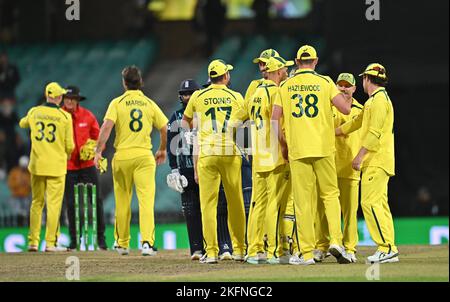 Das australische Team feiert den Sieg über England während des zweiten Spiels der One Day International-Serie zwischen Australien und England am 19. November 2022 in Sydney, Australien.(Foto: Izhar Khan) BILD NUR FÜR REDAKTIONELLE VERWENDUNG - ABSOLUT KEINE KOMMERZIELLE NUTZUNG Stockfoto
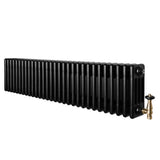 Svart traditionell 4-kolonnsradiator i metall med släta ytor och ventiler, mått 300 x 1370 mm, elegant och funktionell design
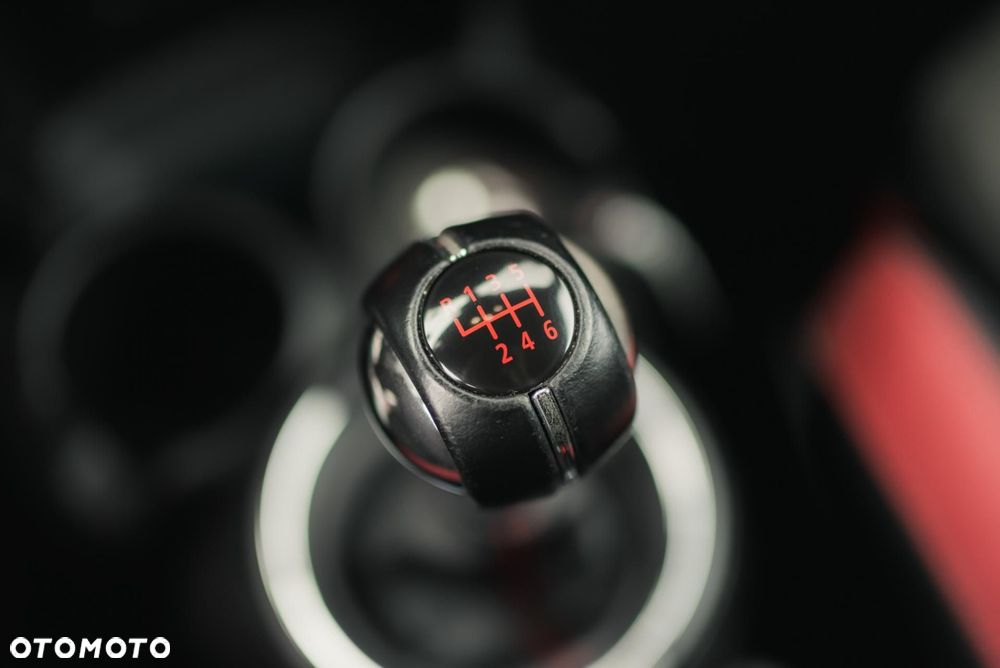 MINI John Cooper Works - 32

• WHAT THE EXERCISE ASKS: The reply must hold every line above exactly as written and none of the pictures.

• RESPONSE:
 Das australische Team feiert den Sieg über England während des zweiten Spiels der One Day International-Serie zwischen Australien und England am 19. November 2022 in Sydney, Australien.(Foto: Izhar Khan) BILD NUR FÜR REDAKTIONELLE VERWENDUNG - ABSOLUT KEINE KOMMERZIELLE NUTZUNG Stockfoto
 Svart traditionell 4-kolonnsradiator i metall med släta ytor och ventiler, mått 300 x 1370 mm, elegant och funktionell design
 MINI John Cooper Works - 32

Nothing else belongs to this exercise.